Carlos Calvillo was diagnosed with Huntington’s Disease when he was just eight years old. Huntington’s Disease is an inherited, progressively degenerative brain disorder that results in a loss of both mental faculties and physical control. In the last few years, his life has changed drastically. He went from running around like any other kid to now using a power wheelchair, from eating his favorite foods to having a feeding tube. His speech is starting to be affected, so he now relies on a voice output device to help him talk. But despite all of these changes, Carlos does not complain or let it get him down. He still loves to tell jokes and always has a smile for everyone he meets.

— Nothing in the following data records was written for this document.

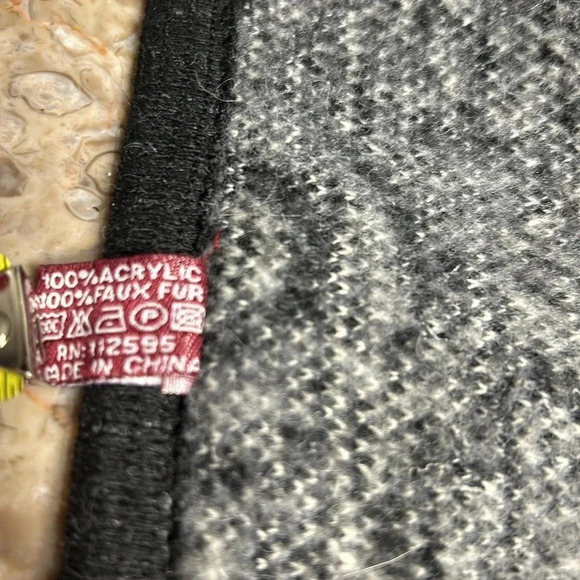 penny lane,open front wrap,shawl,cape,black faux fur trim,fringes,glam,one size - Picture 12 of 15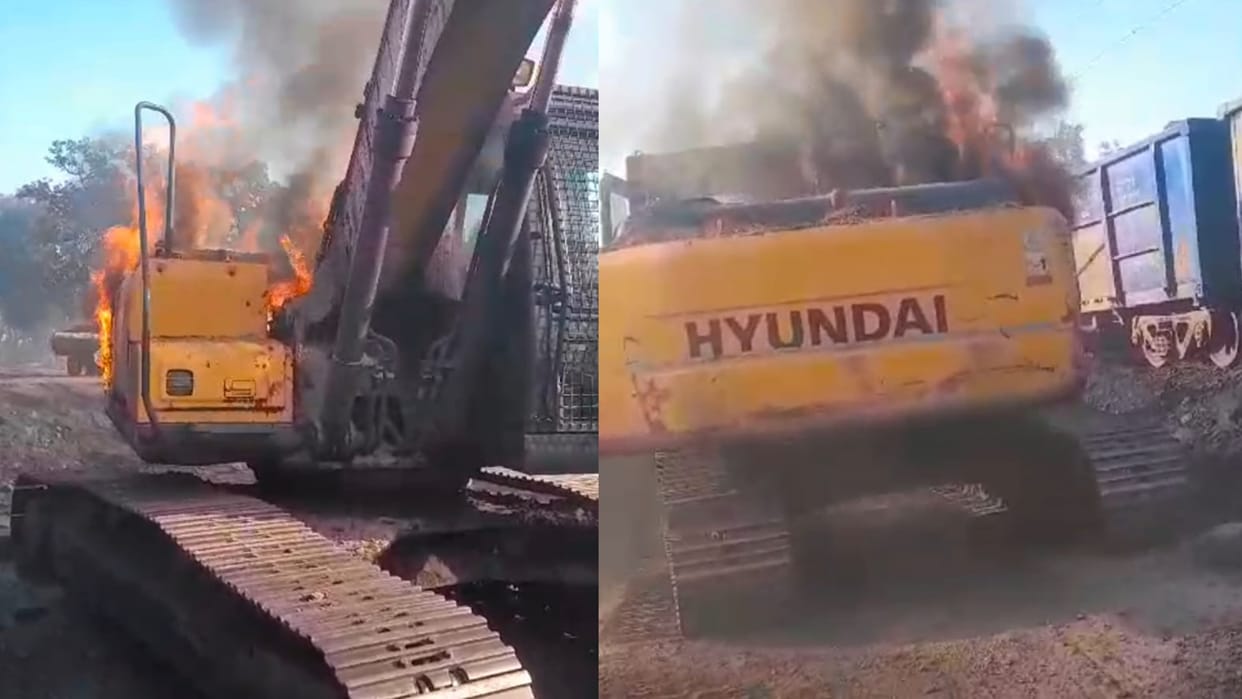 Ayodhya: pokeland machine catches fire in Ayodhya.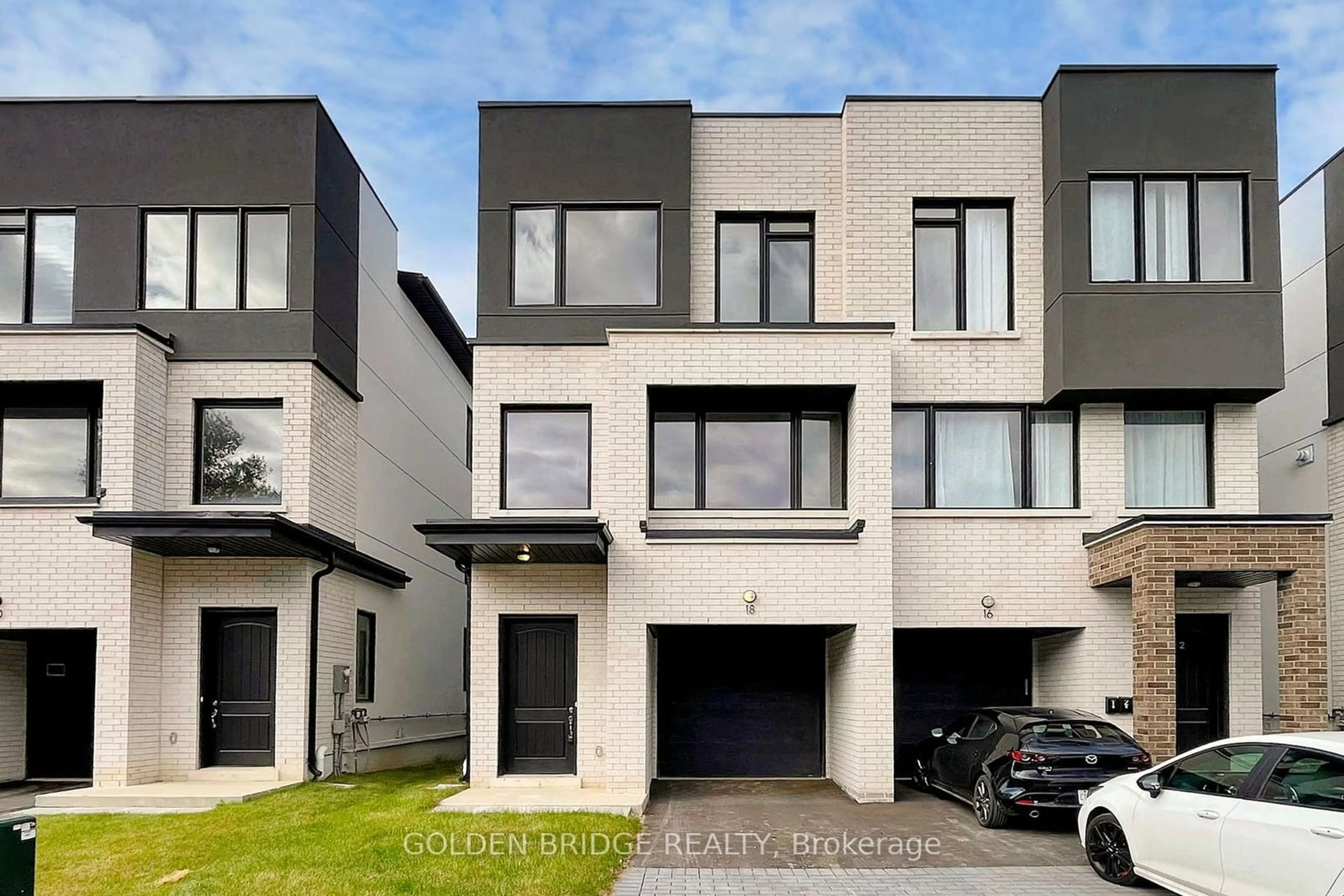 A pic from exterior of the house or condo, the front or back of building for 18 Persica St, Richmond Hill Ontario L4E 2T3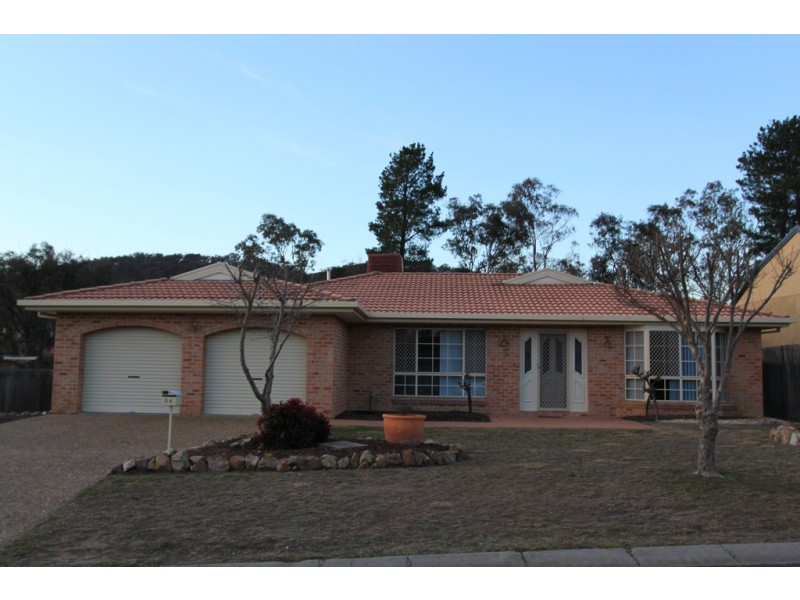 34 Maple Crescent, Jerrabomberra NSW 2619 Floorplan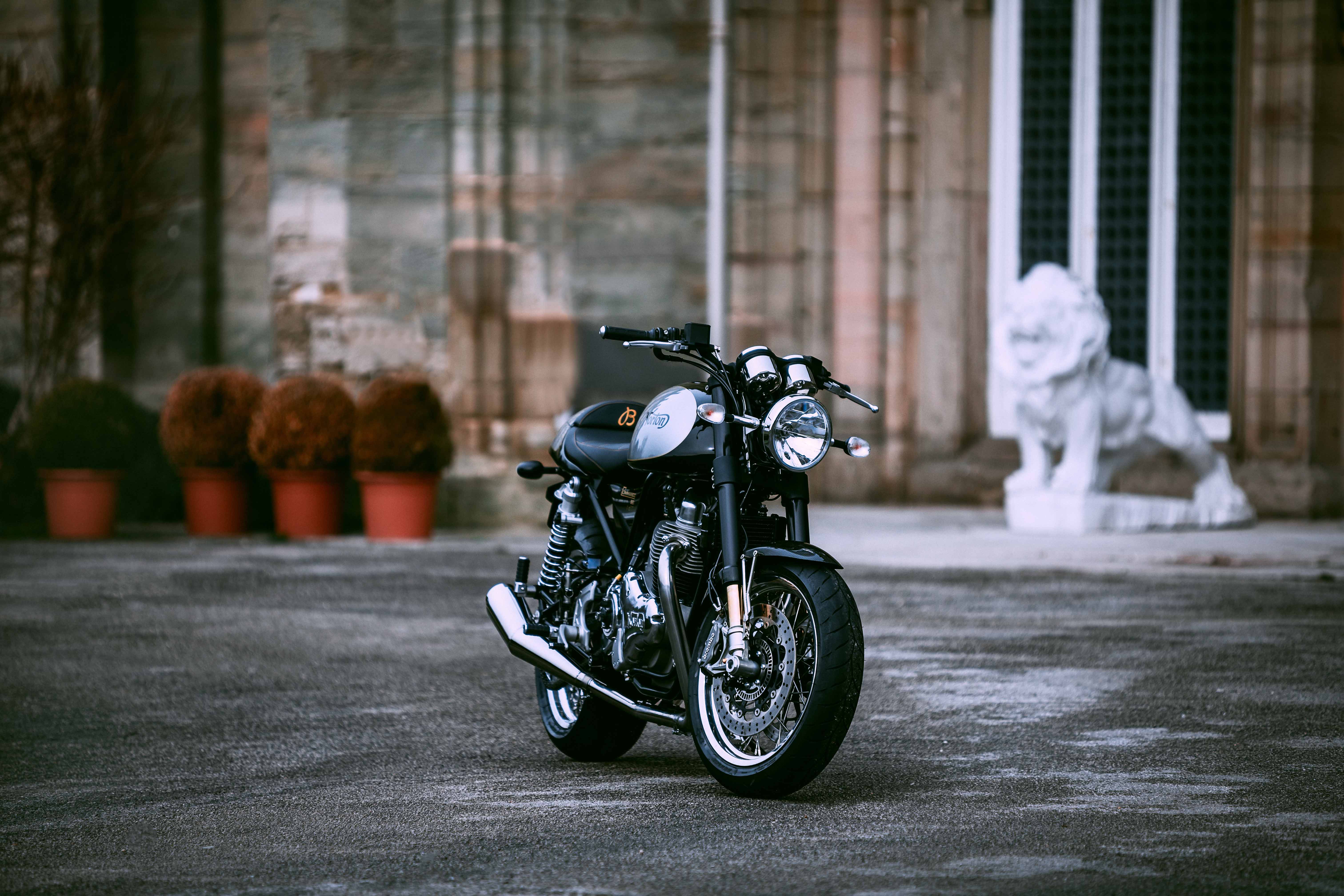 NORTON-BREITLING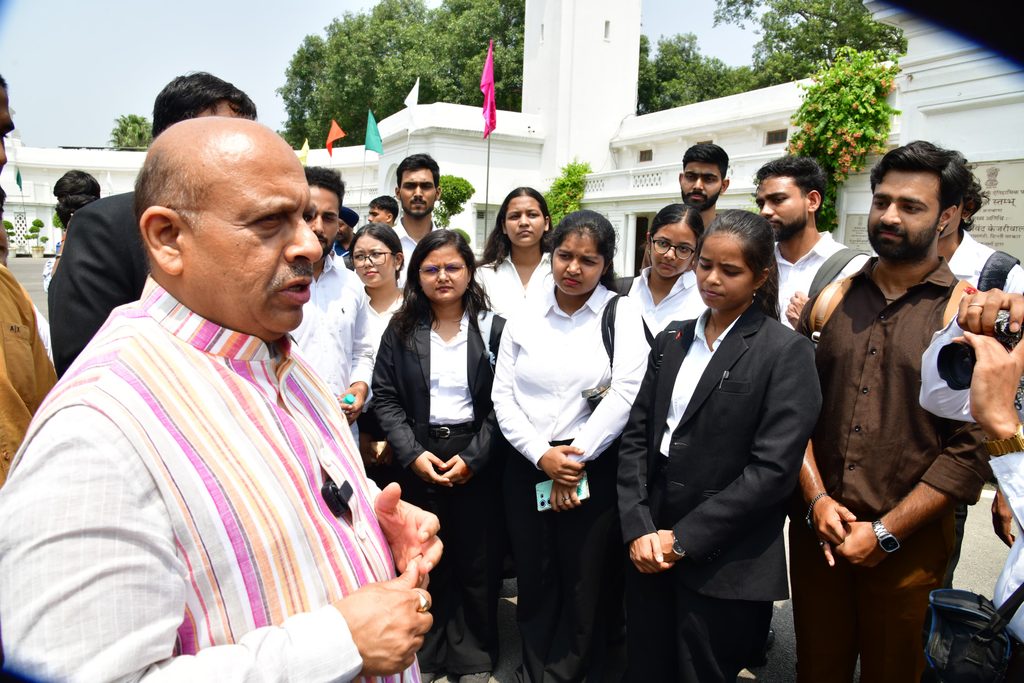1000318044-1024x683 दिल्ली विधानसभा के माननीय अध्यक्ष श्री विजेंद्र गुप्ता ने आज युवा आउटरीच कार्यक्रम के अंतर्गत दिल्ली विश्वविद्यालय के विधि संकाय स्थित लॉ सेंटर-2 के विद्यार्थियों से संवाद किया। इस अवसर पर श्री गुप्ता ने संसदीय प्रक्रिया एवं विधायी प्रक्रिया के विभिन्न पहलुओं पर विद्यार्थियों को जानकारी दी। उन्होंने विद्यार्थियों द्वारा पूछे गए प्रश्नों का उत्तर देते हुए लोकतांत्रिक व्यवस्था में विधायिका की भूमिका तथा कानून निर्माण की प्रक्रिया को भी विस्तार से समझाया।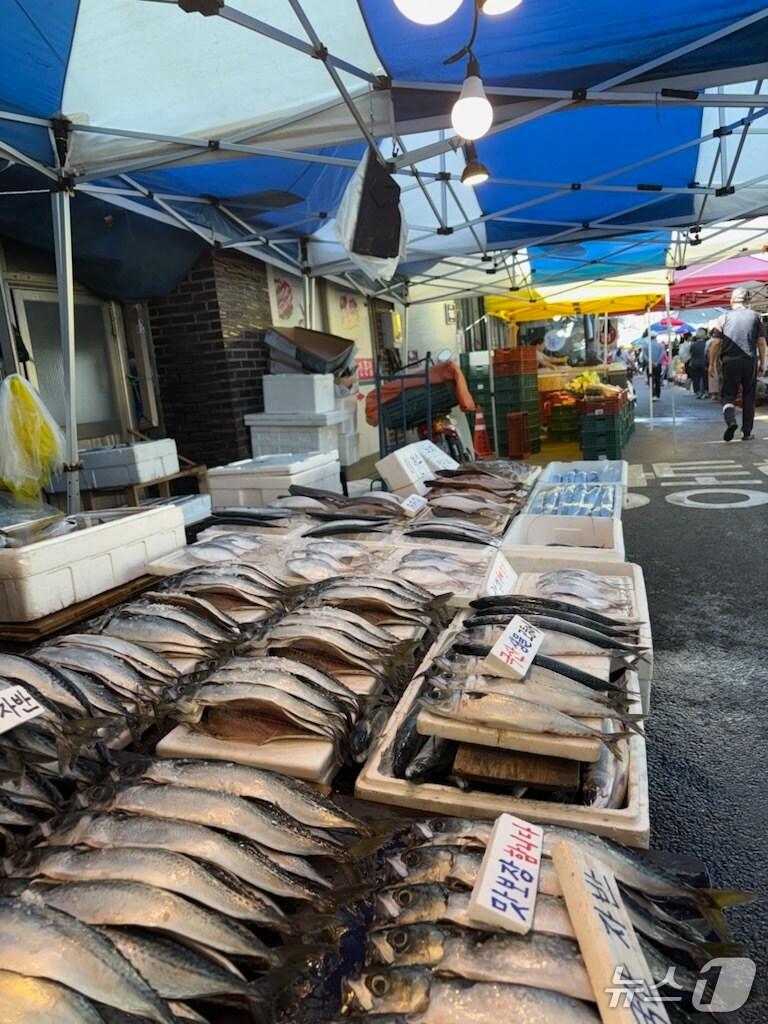 본문 이미지 - 용인시의 한 전통시장에서 수산물 등을 판매하고 있는 모습.(용인시 제공)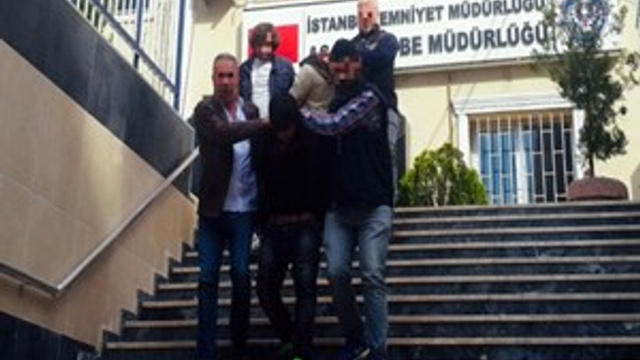 Tartıştığı arkadaşını ekmek bıçağıyla öldürdü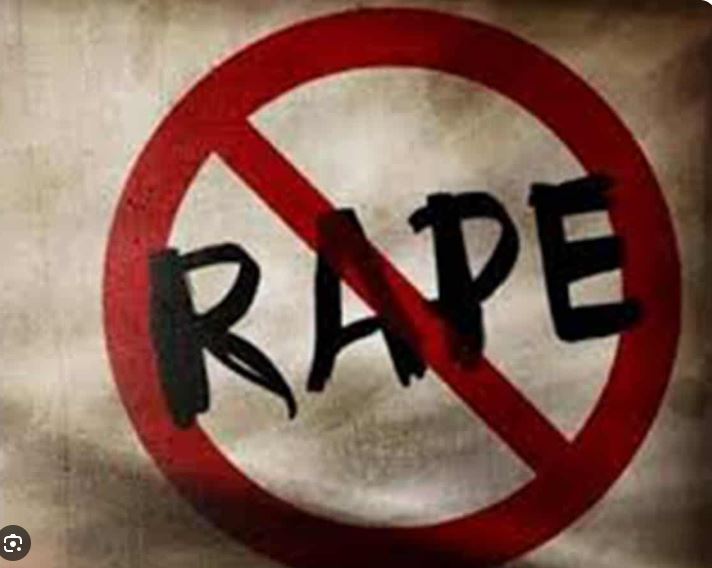 Delhi Police officials investigating the crime scene and scanning the forest area near Kalkaji Temple after a gang-rape incident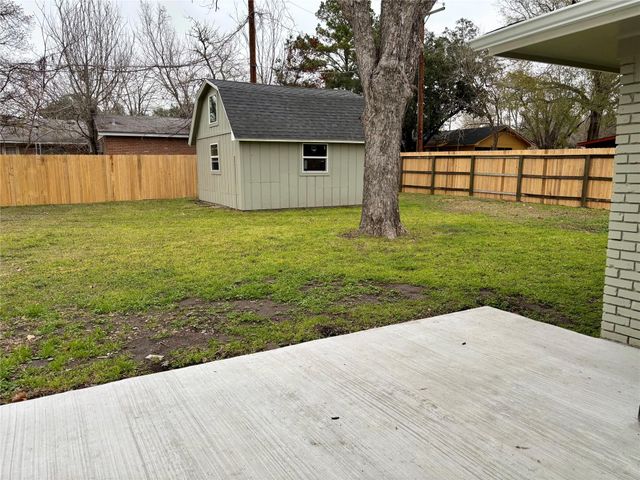802 Victoria Street, Navasota, TX 77868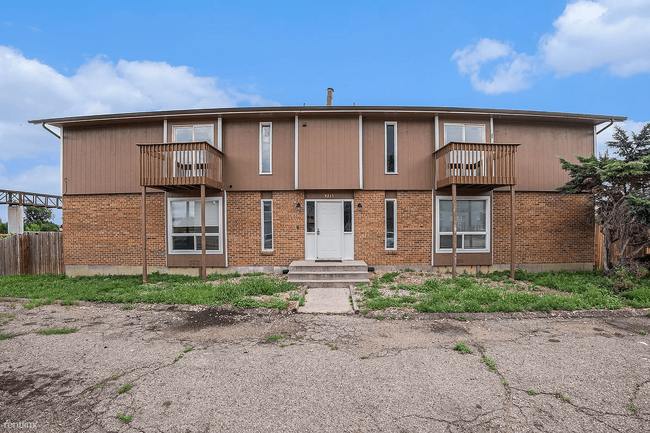 Building Photo - 2 br, 1 bath 4plex - 4215 Loomis Avenue C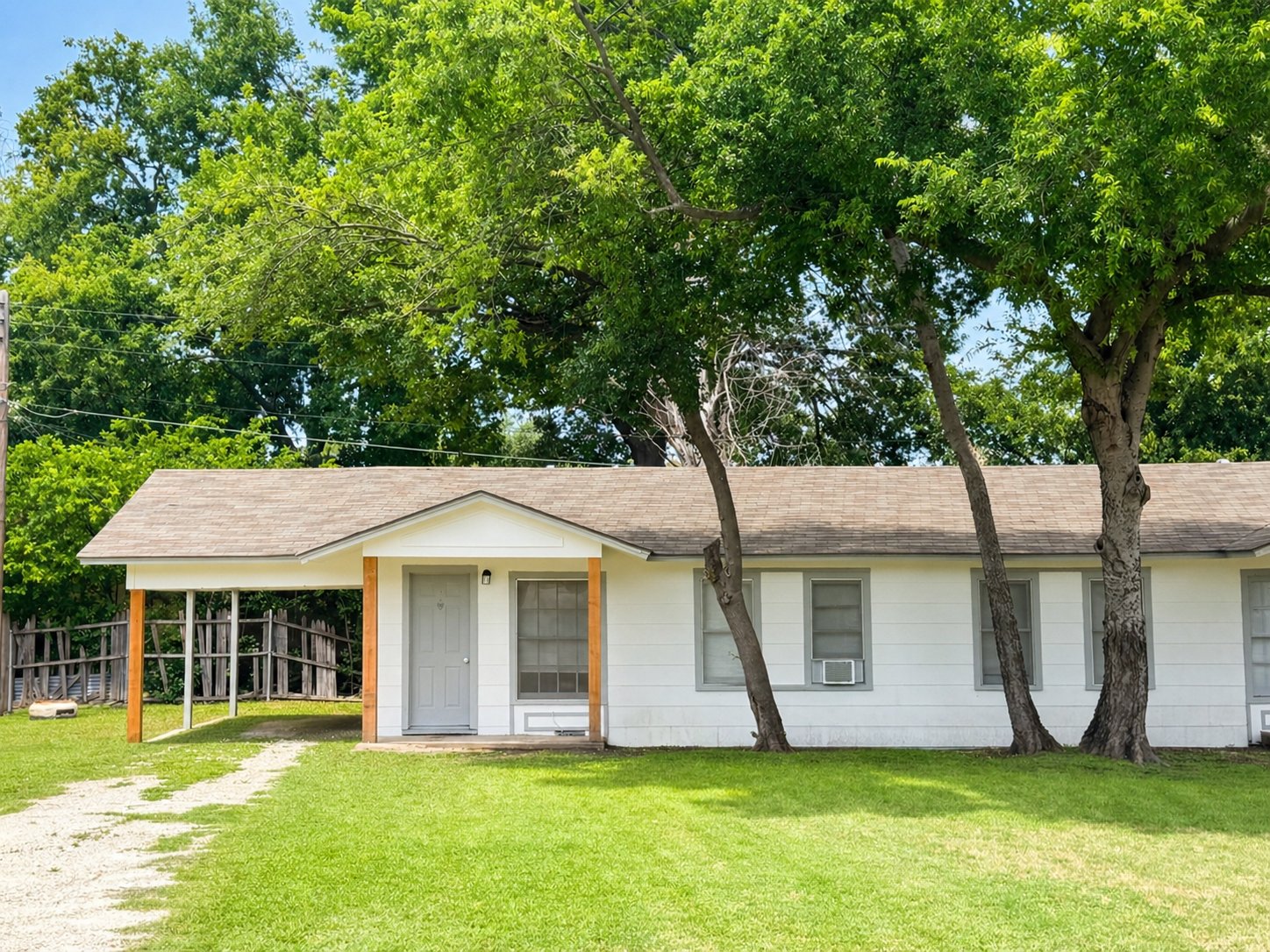 White Settlement Apartment: 300 Delmar Ct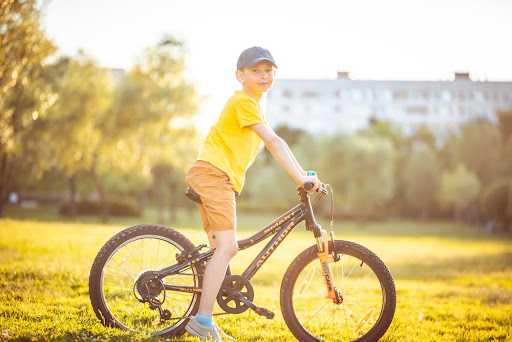  A bicicleta nessa faixa etária serve dos 9 aos 12 anos e é a última antes dos modelos adultos convencionais. (Fonte: Kolomenskaya Kseniya/Shutterstock/reprodução)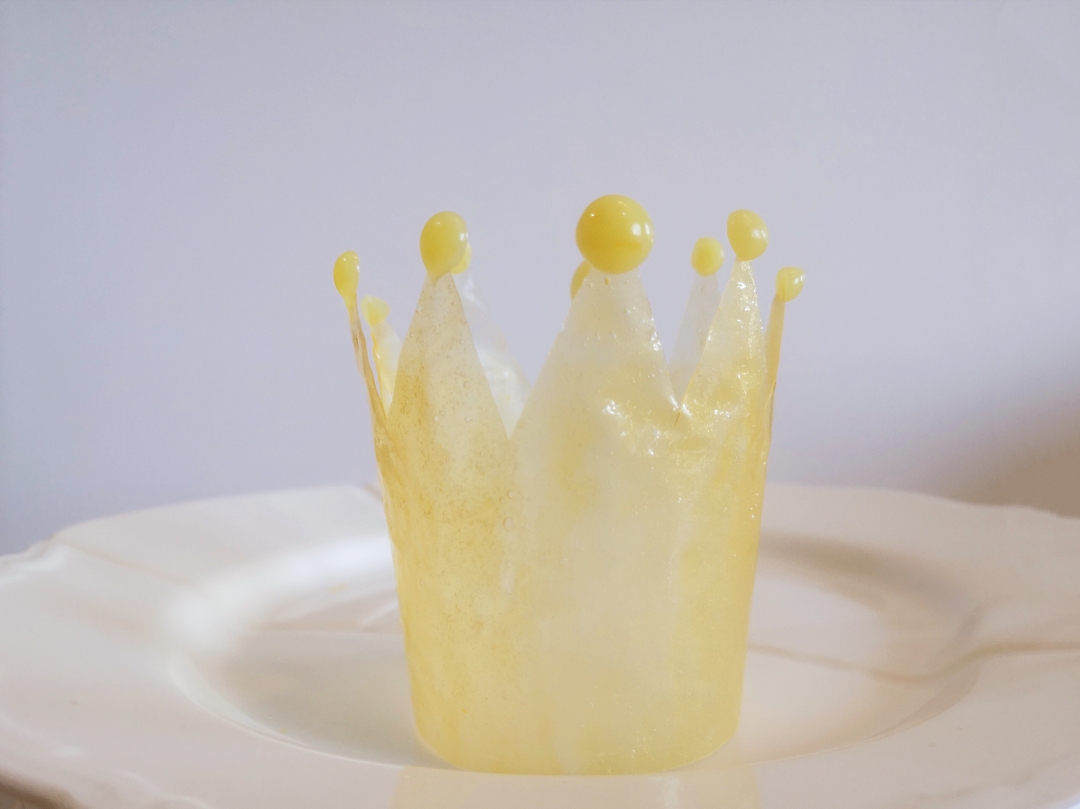 能吃的小皇冠（非艾素糖），新手关于蛋糕装饰材料的实践探索的做法 步骤16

He notices the changes and challenges as they begin to make themselves present, but never questions them. He just goes with it and deals with them as they become more difficult. Carlos is such a positive young man and an inspiration to all. Although he might not be aware of exactly what exactly Huntington’s Disease is or what the outcome will be, he is aware of everything he has gone through personally. Many people could learn a few things from this amazing 12-year-old young man – how there is always something positive in every situation and to never question why something could or would ever happen to you.
Because the courage of Carlos and his family is so inspiring to others, Carlos was the recipient of the Community Health Charities of Texas 2011 Hope in Action Award. He was nominated by the Texas Chapter of the Huntington’s Disease Society of America.
While there is still no cure for Huntington’s Disease, today there is more hope than ever that we can beat this disease. Until then, local chapters of Huntington’s Disease Society of America are striving to provide support and sustenance to Carlos and other Huntington’s Disease families – knowing that while research provides hope for the future, they must provide care for the Huntington’s Disease community today. Huntington’s Disease patients and families, such as Carlos and his family, have become an active community, educating themselves, sharing information and advocating for themselves and their loved ones.